- [PROBLEM DETAILS]:
Look through the data below and extract, unchanged, the lines from the one that contains "Reliability Basic Theories" to the one that contains "Custom Green Globe Crystal Paper Weight, 3", both included.

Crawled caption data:
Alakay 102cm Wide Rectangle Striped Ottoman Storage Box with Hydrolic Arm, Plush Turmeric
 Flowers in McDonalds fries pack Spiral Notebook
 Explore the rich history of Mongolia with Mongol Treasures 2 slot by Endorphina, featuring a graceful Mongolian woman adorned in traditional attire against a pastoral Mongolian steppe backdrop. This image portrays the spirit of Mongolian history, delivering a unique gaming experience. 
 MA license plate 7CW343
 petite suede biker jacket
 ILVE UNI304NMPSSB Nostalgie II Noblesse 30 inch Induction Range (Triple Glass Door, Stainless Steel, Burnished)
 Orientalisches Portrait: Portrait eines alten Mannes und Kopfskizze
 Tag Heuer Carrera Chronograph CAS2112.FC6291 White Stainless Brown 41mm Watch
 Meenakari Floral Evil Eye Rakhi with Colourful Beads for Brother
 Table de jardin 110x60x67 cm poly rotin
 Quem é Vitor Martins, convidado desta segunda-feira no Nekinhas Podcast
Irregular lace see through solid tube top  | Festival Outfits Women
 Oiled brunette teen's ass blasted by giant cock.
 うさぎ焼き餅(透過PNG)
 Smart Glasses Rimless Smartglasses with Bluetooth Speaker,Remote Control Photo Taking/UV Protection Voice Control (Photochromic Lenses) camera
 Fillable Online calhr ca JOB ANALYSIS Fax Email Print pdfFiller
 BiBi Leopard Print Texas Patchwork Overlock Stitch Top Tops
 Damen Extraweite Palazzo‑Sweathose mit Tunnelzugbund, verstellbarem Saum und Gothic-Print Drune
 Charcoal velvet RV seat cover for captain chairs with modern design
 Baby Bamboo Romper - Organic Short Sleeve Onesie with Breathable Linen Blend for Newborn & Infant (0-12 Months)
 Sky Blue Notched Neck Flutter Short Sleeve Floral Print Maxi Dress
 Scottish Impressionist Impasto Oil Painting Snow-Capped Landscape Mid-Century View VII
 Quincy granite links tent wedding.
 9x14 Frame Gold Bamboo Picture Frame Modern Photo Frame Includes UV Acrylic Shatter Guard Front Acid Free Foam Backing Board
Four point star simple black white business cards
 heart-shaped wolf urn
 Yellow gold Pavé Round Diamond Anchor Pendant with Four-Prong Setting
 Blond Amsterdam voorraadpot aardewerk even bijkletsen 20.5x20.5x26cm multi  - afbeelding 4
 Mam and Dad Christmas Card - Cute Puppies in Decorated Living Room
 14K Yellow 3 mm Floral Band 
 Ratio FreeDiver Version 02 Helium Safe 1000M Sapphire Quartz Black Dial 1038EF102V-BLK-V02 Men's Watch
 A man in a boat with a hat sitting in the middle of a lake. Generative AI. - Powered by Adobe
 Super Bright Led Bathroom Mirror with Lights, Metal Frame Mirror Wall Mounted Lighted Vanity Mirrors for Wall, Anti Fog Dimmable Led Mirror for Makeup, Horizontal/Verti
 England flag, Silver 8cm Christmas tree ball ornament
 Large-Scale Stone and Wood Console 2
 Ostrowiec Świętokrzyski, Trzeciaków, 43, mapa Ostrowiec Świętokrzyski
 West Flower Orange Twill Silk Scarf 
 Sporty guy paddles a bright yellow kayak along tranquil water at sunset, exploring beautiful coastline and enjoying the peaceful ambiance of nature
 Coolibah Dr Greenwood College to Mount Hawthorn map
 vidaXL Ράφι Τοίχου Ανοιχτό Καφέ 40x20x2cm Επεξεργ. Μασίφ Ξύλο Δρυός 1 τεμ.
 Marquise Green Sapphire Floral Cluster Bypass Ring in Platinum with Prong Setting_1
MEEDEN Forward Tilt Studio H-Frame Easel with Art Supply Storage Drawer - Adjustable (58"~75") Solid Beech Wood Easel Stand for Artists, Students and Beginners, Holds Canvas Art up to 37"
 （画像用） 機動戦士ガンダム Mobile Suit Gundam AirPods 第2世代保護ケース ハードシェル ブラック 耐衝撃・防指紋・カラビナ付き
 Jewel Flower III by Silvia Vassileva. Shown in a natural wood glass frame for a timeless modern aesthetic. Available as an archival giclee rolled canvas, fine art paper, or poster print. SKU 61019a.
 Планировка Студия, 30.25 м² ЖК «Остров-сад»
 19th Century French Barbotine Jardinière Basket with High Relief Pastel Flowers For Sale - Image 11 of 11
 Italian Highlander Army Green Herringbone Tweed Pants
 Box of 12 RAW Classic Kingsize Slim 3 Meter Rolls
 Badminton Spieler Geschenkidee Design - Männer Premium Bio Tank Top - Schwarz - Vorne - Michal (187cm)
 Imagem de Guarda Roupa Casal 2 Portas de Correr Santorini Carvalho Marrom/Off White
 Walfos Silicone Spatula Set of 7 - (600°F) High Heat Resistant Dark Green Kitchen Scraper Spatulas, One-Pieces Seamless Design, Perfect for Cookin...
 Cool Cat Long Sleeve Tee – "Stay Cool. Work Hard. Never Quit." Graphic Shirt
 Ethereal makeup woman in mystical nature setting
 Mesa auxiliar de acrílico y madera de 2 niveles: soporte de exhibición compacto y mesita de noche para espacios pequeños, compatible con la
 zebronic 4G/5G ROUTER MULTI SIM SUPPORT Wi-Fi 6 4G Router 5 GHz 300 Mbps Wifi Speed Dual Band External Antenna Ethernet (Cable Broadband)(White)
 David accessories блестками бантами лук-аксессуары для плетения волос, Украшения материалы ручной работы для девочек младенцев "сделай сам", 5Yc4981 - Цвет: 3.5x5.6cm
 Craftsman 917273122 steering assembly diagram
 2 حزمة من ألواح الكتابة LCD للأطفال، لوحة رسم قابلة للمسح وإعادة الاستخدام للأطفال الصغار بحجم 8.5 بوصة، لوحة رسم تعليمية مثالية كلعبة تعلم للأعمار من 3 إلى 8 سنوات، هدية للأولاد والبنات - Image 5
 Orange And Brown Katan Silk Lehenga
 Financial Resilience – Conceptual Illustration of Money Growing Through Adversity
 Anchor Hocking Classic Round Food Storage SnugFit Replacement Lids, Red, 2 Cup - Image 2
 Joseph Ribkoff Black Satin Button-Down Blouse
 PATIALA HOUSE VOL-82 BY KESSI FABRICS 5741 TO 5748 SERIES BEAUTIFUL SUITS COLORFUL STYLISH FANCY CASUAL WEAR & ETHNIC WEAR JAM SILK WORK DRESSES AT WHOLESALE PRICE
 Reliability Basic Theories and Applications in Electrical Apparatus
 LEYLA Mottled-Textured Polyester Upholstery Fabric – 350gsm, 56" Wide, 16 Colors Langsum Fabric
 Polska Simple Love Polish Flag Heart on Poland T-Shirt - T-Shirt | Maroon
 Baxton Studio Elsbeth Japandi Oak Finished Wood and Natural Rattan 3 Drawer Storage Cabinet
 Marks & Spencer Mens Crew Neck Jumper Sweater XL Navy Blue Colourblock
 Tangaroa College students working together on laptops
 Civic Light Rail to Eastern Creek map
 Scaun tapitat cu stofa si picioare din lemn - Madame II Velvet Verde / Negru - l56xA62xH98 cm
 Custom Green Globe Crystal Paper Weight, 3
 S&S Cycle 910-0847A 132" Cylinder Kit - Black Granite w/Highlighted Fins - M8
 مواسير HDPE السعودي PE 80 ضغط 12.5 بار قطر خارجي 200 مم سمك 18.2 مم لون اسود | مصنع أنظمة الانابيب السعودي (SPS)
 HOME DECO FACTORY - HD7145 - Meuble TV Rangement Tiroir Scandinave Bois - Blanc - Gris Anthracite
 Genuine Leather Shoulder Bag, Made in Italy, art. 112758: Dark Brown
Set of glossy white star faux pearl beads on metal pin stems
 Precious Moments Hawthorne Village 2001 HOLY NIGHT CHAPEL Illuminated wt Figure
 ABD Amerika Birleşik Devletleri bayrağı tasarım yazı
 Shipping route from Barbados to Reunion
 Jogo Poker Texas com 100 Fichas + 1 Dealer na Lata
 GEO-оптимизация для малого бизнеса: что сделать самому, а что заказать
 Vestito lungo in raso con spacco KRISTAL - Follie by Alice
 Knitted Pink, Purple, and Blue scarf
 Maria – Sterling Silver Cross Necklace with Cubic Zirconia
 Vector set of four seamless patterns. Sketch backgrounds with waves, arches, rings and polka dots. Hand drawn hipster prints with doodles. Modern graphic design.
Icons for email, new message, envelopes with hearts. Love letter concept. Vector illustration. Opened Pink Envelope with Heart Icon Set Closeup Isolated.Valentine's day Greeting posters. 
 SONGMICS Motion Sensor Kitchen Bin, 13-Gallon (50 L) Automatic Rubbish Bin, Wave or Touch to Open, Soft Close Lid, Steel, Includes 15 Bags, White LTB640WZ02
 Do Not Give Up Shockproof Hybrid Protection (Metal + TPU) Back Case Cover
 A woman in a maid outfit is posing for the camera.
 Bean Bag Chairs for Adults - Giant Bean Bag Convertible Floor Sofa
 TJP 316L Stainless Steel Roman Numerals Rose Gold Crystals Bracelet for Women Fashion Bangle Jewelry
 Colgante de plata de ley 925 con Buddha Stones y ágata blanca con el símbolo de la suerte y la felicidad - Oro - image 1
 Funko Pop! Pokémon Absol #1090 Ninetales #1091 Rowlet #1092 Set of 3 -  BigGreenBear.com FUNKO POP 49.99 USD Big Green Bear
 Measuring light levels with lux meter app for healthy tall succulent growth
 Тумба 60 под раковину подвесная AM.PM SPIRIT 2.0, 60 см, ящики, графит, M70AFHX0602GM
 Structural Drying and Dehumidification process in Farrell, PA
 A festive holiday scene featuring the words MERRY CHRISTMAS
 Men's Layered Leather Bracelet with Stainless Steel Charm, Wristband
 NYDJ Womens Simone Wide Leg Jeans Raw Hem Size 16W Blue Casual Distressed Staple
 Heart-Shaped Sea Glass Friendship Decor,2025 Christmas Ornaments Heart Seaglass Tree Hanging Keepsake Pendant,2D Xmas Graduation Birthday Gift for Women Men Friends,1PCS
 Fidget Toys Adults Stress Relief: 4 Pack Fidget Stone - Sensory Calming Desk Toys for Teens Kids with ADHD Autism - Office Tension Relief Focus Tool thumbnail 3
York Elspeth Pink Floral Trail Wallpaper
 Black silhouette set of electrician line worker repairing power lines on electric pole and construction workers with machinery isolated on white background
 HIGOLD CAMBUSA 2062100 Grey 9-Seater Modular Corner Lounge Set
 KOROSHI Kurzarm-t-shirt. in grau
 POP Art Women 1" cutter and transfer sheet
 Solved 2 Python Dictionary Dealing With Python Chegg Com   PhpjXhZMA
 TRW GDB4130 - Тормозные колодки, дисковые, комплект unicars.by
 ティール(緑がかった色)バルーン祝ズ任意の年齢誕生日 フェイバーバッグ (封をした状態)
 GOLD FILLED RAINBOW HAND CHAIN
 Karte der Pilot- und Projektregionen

- [TASK SOLUTION]:
 Reliability Basic Theories and Applications in Electrical Apparatus
 LEYLA Mottled-Textured Polyester Upholstery Fabric – 350gsm, 56" Wide, 16 Colors Langsum Fabric
 Polska Simple Love Polish Flag Heart on Poland T-Shirt - T-Shirt | Maroon
 Baxton Studio Elsbeth Japandi Oak Finished Wood and Natural Rattan 3 Drawer Storage Cabinet
 Marks & Spencer Mens Crew Neck Jumper Sweater XL Navy Blue Colourblock
 Tangaroa College students working together on laptops
 Civic Light Rail to Eastern Creek map
 Scaun tapitat cu stofa si picioare din lemn - Madame II Velvet Verde / Negru - l56xA62xH98 cm
 Custom Green Globe Crystal Paper Weight, 3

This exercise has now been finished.